■ **Material for the task**

Content starts

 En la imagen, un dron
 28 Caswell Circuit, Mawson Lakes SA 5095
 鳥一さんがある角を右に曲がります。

Content ends
Content starts

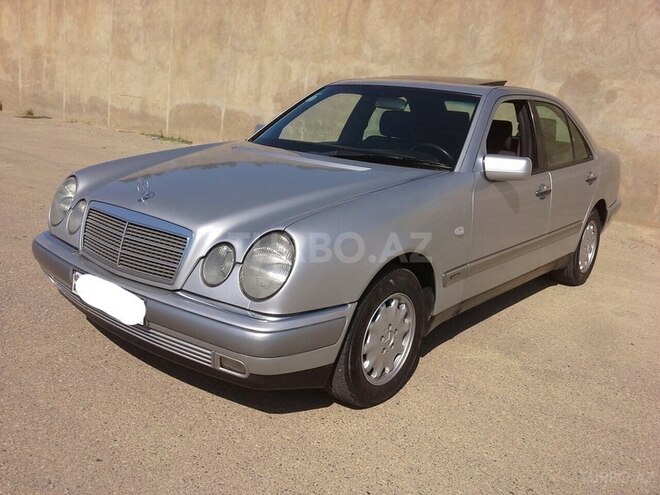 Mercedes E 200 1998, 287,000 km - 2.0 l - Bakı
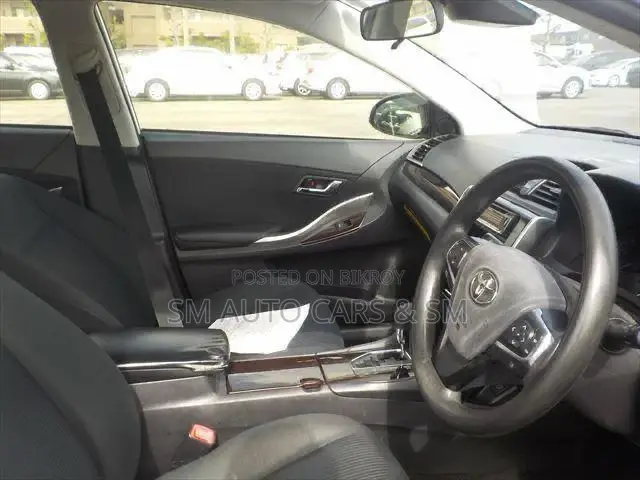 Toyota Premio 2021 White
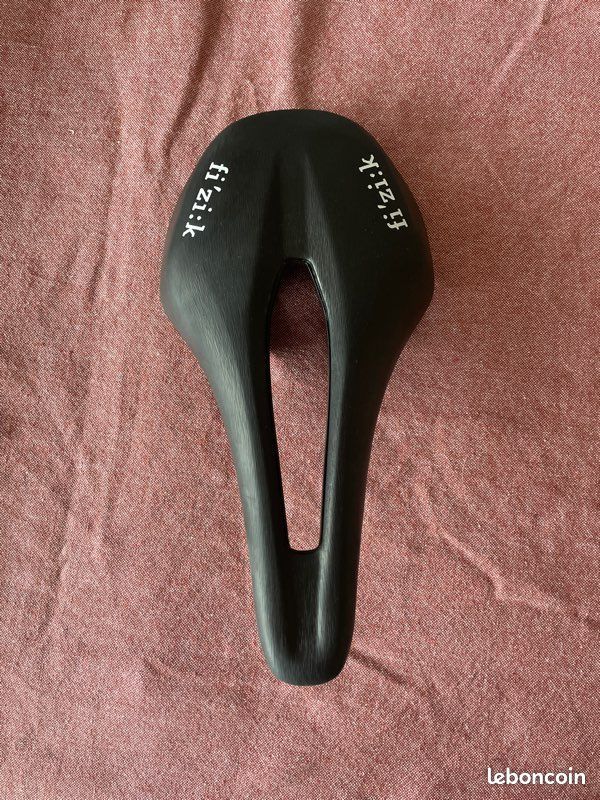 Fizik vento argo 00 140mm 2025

Content ends

■ **Exercise goal**
Give the exact lines, and only those, from the line containing "En la imagen, un dron" through the line containing "鳥一さんがある角を右に曲がります。" in the entries above.

■ **Output below**
 En la imagen, un dron
 28 Caswell Circuit, Mawson Lakes SA 5095
 鳥一さんがある角を右に曲がります。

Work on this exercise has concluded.